Wolski's AP American Government Survival Guide

     Hello Constant reader! As we wind down the semester, I thought it would be prudent to share a few thoughts as I look back on the progression of class and some tips I have for students in my AP American Government class. (Although these tips apply to any class really) However, since AP Gov is only a semester long and there is a lot of material to cover, these tips might be more helpful for my AP students. Here goes.....
1. Organize! Prioritize! Cut the apron strings!! 

     Your first job is to organize yourself. I put everything on a calendar on Google that I share with you and all of the docs I share with you on Google have dates associated with when things are due. So if you need to use a planner to write stuff down then do so. I will mention when things are due when I assign them (As we go over it) But as you learn to cut some of those apron strings that you are use to having, learn to keep those dates straight. You might get one more reminder as the date approaches, but don't act surprised when I mention that it is due tomorrow. Trust me, your professor will hand you a syllabus on the first day and if you get one reminder about dates, you are lucky. Learn to be the master of your own organization.
     The second thing to work on is learning to prioritize your work. What is due next? How long will it take to get that done? You have to know thyself and figure out what takes you the most time to complete. Everything we do in our units is connected. Everything. So while you might be working on what is due next, open your vision to realize that what you are doing now is going to help you to do what is next and vice versa. Also, take a little time to work on things a little at a time rather than trying to do something all at once. Don't be the student that realizes they have a 10 page paper due in a week even though they had the requirements 4 months ago. Make a plan on how to tackle larger projects.
     What are "apron strings?" Well those are the tethers that bind you to some adult in your life: your parents, your teachers, etc. This connection, this bond, this reliance is needed when you are young, but as you progress through school, those ties need to slowly be cut so students can begin to learn how to be more and more self-reliant. Remember, your teachers and parents will not be there when you are in college and most certainly won't be there when you take your first job. If we as educator are doing our job right, we should be gradually releasing you from dependence to independence. You will experience this in my class. While you are not totally on your own, I am not going to hover over your shoulder at every waking moment.

2. Oh man! Where did the time go?? Manage it!
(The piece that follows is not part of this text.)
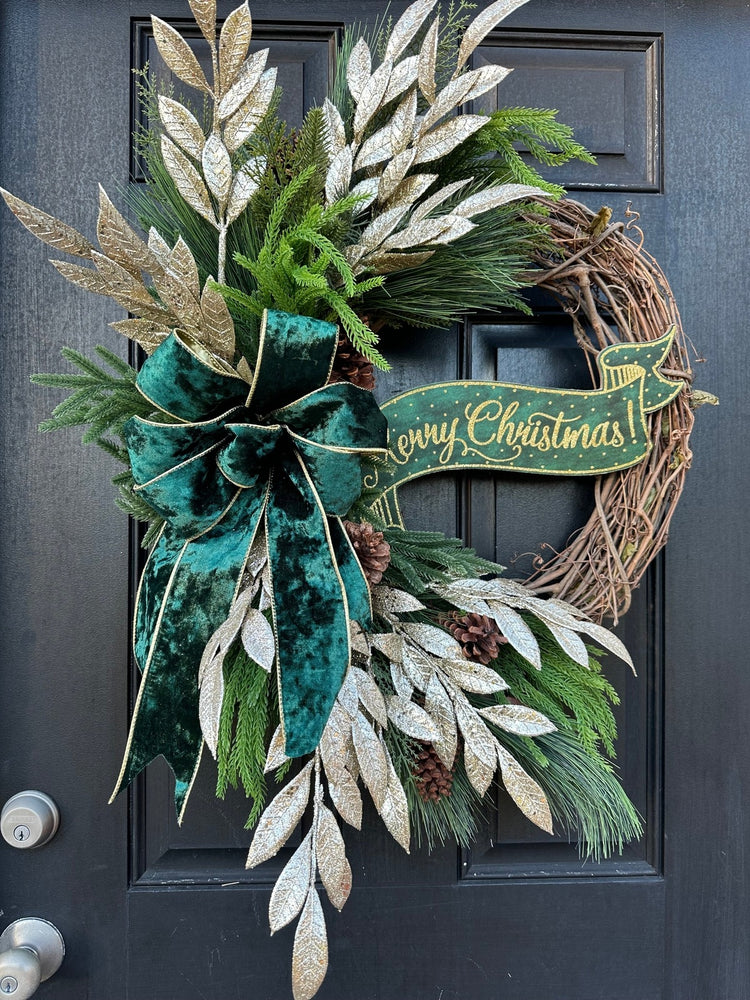 Emerald Velvet Gold Merry Christmas Wreath for Winter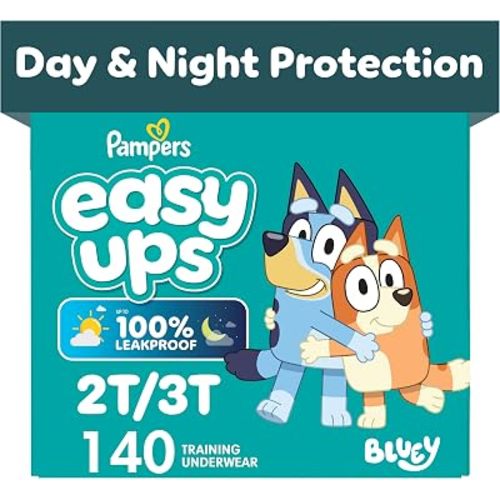 Pampers Training Pants - Easy Ups Boys & Girls Bluey - Size 2T-3T, 140 Count, Children's Potty Underwear (Packaging May Vary)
   One of the first things you will notice when you enter my room is the arrangement of my desks. I have been moving towards removing myself from in front of the room as much as possible. I am not
going to lecture you with notes for 48 minutes. I am, however, going to use the available technology and challenge you to think and create. Yes! Even in an AP class! While there will be moments of class discussion with me in the lead, you are going to be given more time to yourself in this class than in most others. No, no, no please don't take that to mean you are going to be sitting there doing nothing. (At least, I hope you are not) I will usually assign you something to work on and then circulate to see if you have any questions or concerns. However, the expectation is that when you sit there with your device on your desk that you are working on what I have given you. Not on your phone, not playing Donkey Kong on some emulator, but working on my stuff. Not math, not English, but gov stuff! We all complain that we don't have enough time in our day to get stuff done. I often do this. However, you have to have a little introspection about how you are using your time. Are you working on gov stuff or taking a selfie, Snap chatting with a BAE, or posting a Tweet? I like doing some of those things too but when I have stuff I do, I have stuff to do!
     I know that you are stressed. You are probably taking at least one other honors level or AP class. I get that. I also understand that you will have other work to do for those classes as well. But, I usually don't assign nightly homework. Yes, you may have a couple of assignments out at a time (no more than 2) but if you wait until the last minute you are not going to do well. Remember, most of what I assign are bigger picture assignments that require some thought. Yes, yes there will be some day to day vocabulary and other such assignments, but you need to be aware that last minute work in this class is not a recommendation. I know you may have been able to get away with doing this in the past, but I would suggest that you ween  yourself off of that practice. In the end, whether it is while you are at college or even after, this habit of working at the last minute will catch up to you. So, let's all practice doing things a little at a time!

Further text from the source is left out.